The subarachnoid space is lined by flattened arachnoidal cells. The outer surface of the arachnoid mater is also lined by flat cells. As shown in the diagram, arteries and veins passing to and from the CNS pass in the subarachnoid space loosely attached to the pia mater and invested by subarachnoid meningothelium. As the larger vessels extend into the nervous tissue, they are surrounded by a delicate sleeve of pia mater. Between the penetrating vessels and the pia there is a perivascular space. In humans, the pia blends with the adventitia of the vessel as it penetrates the brain, thus separating the perivascular space from the subarachnoid space. This pia component is not present around the capillaries of the CNS.

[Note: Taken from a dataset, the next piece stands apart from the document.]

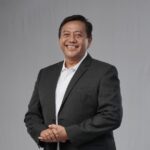 Direktur Utama Telkomsat, Lukman Hakim Abd Rauf. Foto: Dok Telkom Indonesia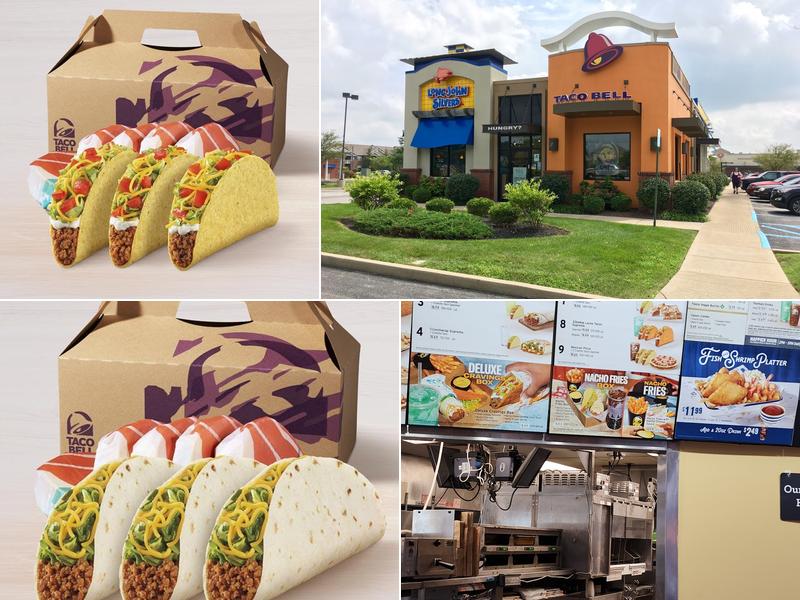 Taco Bell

External to the arachnoid mater is a dense fibroelastic layer called the dura mater D, micrograph (b), which is lined on its internal surface by flat cells. The dura is closely applied to but not connected with the arachnoid layer and there is the potential for a space, the subdural space, to develop between the two layers. In the cranium, the dura mater merges with the periosteum of the skull but also extends into the brain space as several folds. A large fold, the falx, extends along the midline from top of the skull into the space between the cerebral hemispheres while a horizontal fold, the tentorium, is attached to the posterior skull and extends into the space between the cerebral hemispheres and cerebellum. These folds help support the brain and contain venous sinuses, forming part of the brain’s venous return system.
Around the spinal cord, dura is suspended from the periosteum of the spinal canal by denticulate ligaments, the intervening epidural space being filled with loose fibrofatty tissue and a venous plexus.
The pia and arachnoid layers of the brain meninges are illustrated in micrograph (c). Pia mater P is attached to the surface of the brain and continues into the suclus S and around the penetrating vessels. The arachnoid mater A appears to be a completely separate layer and bridges the sulcus. Meningeal vessels lie in the subarachnoid space.